ME: Mother-in-law, I have a situation here at the house, is Pops home?
MOTHER-IN-LAW: No he’s with Cowboy. What’s wrong?
ME: Maggie has a rattlesnake cornered. I’ve called everyone and either they don’t answer or they’re working.
MOTHER-IN-LAW: Oh dear. What are you going to do? Wait…the UPS man is headin your way, flag him down to kill it.
Now I want ya’ll to get a picture of that UPS driver’s face when he sees me running after him with my arms flailing in the air. I’m pretty sure he would high tail it out of podunk country as fast as that brown truck would take him.
My phone rings and Cowboy’s wranglers pop up on the screen. Just kidding! But that is a great idea! Another thing to add to my to-do list and maybe another story to write about.
COWBOY: I missed your 13 phone calls, are you ok?
ME: NO I am NOT ok! Maggie has a rattlesnake cornered. Please come and kill the darn thing. AND I need to use the restroom really bad so make it snappy!
COWBOY: (chuckling) I won’t be home until dark.
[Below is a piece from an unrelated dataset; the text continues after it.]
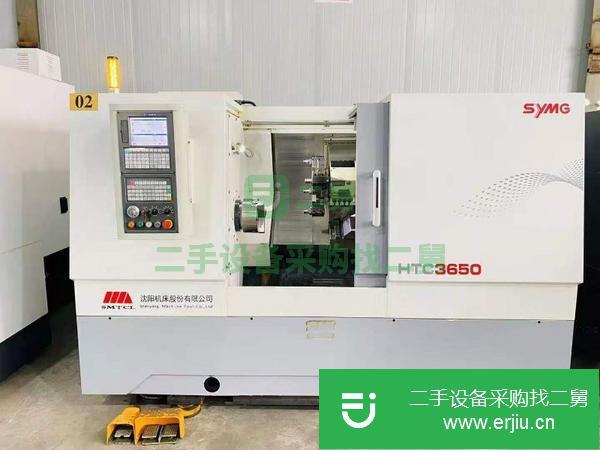 江蘇出售二手沈陽HTC3650數(shù)控斜軌車床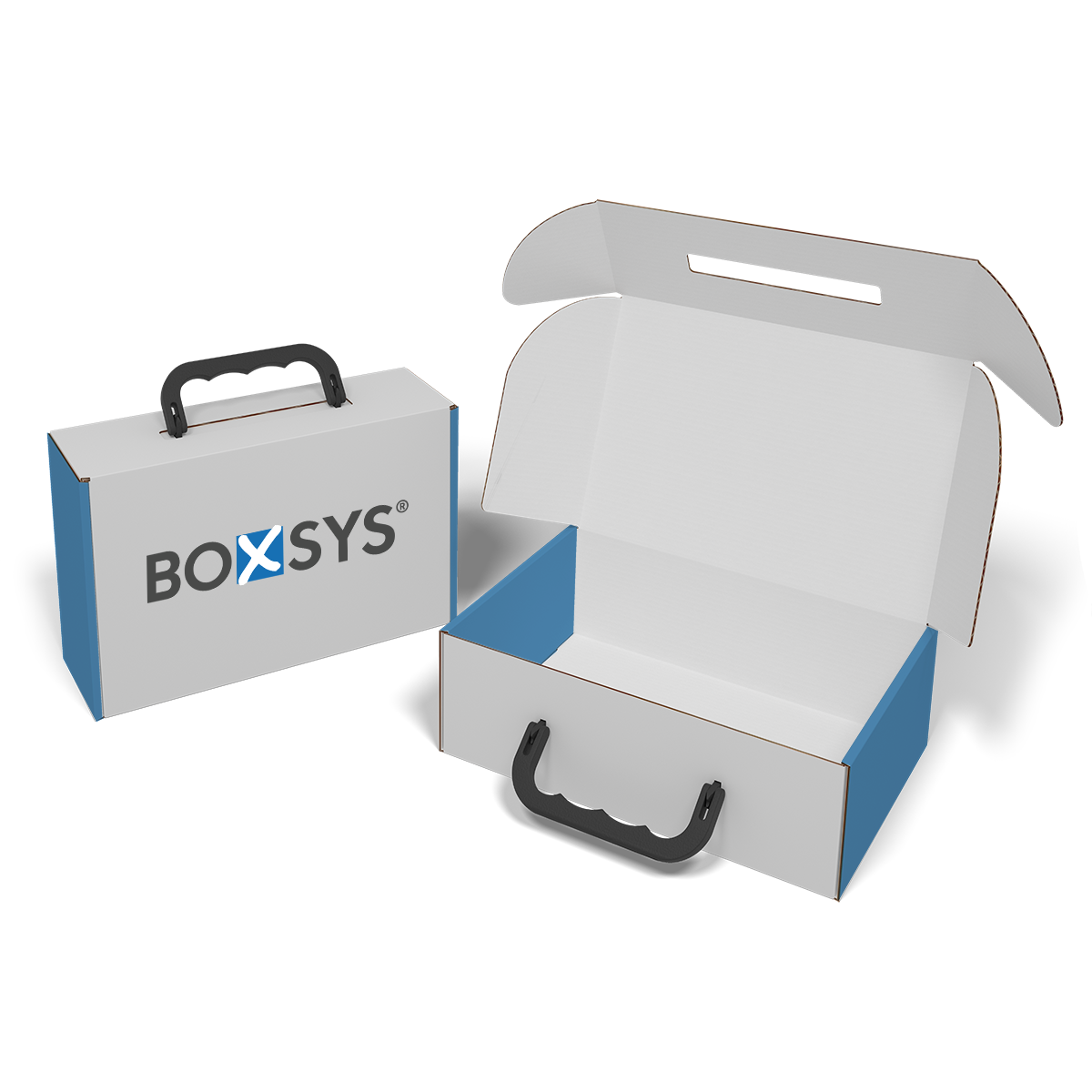 Pappkoffer mit Griff aus Kunststoff von www.boxsys.de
Just grab a shovel and kill it.
Seriously! Just grab a shovel and kill it?! And this chuckling thing..if Cowboy taught boy wonder how to chuckle, I’m gonna need to hit BOTH of them over the head with one of my dead plants.
So this story ends with me putting my big girl panties on and taking care of the situation.
Okay that’s a lie. Lord, please forgive me.
So, there’s good news and bad news. The bad news is the snake slithered away and will probably be back to taunt Maggie and I another day. The good news is… I didn’t wet myself!!